Ora, para configurar-se a renda — o acréscimo patrimonial em certo período temporal — é obrigatório respeitar a dedução de despesas que viabilizem, para a pessoa jurídica, o exercício de sua atividade econômica e, para a pessoa física, a sua própria existência, na complexidade do mundo atual.

Daí que, para as pessoas físicas, não se pode falar em imposto sobre a renda sem que sejam dedutíveis despesas mínimas, entre as quais aquelas despendidas com saúde e com educação. Registre-se que está sendo debatida em tribunais a constitucionalidade do limite atual dos gastos com educação. Ainda que se entenda constitucional fixar um valor máximo de dedução, para evitar o abatimento de montantes muito superiores aos necessários para garantir uma educação de qualidade, o valor de dedução atual, de pouco mais de R$ 3,5 mil por ano, afigura-se irrealista. Contudo, é, ao menos, alguma dedução.
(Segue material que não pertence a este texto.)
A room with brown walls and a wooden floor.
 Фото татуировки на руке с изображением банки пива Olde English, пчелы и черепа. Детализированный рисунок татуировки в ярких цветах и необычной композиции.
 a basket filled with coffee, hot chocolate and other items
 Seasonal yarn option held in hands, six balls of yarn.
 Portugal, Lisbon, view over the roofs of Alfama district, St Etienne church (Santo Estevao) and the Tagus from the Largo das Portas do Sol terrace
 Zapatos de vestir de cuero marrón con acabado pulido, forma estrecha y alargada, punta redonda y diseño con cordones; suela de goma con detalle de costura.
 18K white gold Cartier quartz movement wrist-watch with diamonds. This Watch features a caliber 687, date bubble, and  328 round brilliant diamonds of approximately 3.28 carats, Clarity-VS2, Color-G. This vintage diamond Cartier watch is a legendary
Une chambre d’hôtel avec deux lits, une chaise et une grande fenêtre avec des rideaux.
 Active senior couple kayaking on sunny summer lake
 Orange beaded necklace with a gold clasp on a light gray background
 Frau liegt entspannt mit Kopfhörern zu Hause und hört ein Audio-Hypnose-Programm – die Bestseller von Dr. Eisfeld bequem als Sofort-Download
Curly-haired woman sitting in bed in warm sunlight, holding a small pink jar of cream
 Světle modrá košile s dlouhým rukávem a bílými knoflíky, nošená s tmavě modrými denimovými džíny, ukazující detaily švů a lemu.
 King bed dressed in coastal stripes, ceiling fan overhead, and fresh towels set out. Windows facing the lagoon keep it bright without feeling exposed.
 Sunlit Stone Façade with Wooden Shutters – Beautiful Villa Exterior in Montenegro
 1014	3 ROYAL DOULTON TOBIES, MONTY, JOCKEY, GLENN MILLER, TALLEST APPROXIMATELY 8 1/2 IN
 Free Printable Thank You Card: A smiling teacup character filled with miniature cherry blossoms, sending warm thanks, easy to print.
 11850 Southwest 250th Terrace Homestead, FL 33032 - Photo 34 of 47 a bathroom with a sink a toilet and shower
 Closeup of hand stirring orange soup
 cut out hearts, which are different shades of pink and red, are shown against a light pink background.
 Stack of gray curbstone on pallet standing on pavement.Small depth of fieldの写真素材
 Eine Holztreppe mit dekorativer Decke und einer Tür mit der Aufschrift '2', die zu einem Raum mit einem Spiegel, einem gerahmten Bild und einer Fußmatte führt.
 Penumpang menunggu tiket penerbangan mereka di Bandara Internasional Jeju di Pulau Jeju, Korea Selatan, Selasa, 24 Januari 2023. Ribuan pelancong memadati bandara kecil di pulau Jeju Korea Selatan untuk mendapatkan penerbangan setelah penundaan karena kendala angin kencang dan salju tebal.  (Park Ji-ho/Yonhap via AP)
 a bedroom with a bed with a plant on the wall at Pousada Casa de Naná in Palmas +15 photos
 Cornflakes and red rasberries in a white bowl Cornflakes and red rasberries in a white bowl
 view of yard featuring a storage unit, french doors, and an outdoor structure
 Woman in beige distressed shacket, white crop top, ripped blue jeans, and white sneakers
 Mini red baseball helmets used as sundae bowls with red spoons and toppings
Já em relação às despesas com saúde, porém, não se admite limite. Os gastos, não importam quão elevados, visam a garantir a saúde e até a sobrevivência do contribuinte. As pessoas não gastam recursos com saúde desmotivadamente, sem que eles sejam necessários para manutenção de boas condições físicas. Por isso, esses gastos, não importa o quão elevados, são despesas necessárias e devem ser deduzidos para identificar o montante da renda auferida por uma pessoa física.

Assim, a despeito de, como antes mencionado, a União Federal ter certa discricionariedade para formar a base de cálculo do IR, ela não pode transpor o conteúdo mínimo do conceito de renda, vedando a dedução de despesas necessárias. Se desconsiderá-las, ainda que seja mantido o nome "imposto sobre a renda", o que será tributado não será a renda, mas outra substância, como receitas e rendimentos.

Chamar despesas, cuja dedução é imprescindível para identificar a renda, de benefícios, é distorcer a realidade. Não importa se com isso tenta-se angariar a simpatia de alguns e viabilizar uma reforma tributária. A adoção de nome impróprio — "benefício" —, onde somente há obediência mínima à Constituição é estratagema simplório que não resiste a mais básica análise jurídica. É, via manipulação de palavras, fraudar a Constituição.

Frente à tentativa de distorcer a competência de tributar a renda, deve-se refletir: o que há em um nome? O direito a deduzir despesas com saúde e educação, para identificar a renda auferida, tem a mesma firme imposição constitucional com qualquer outro nome. Chamar de benefício o que é direito dos contribuintes é tentativa canhestra de se furtar aos soberanos limites constitucionais.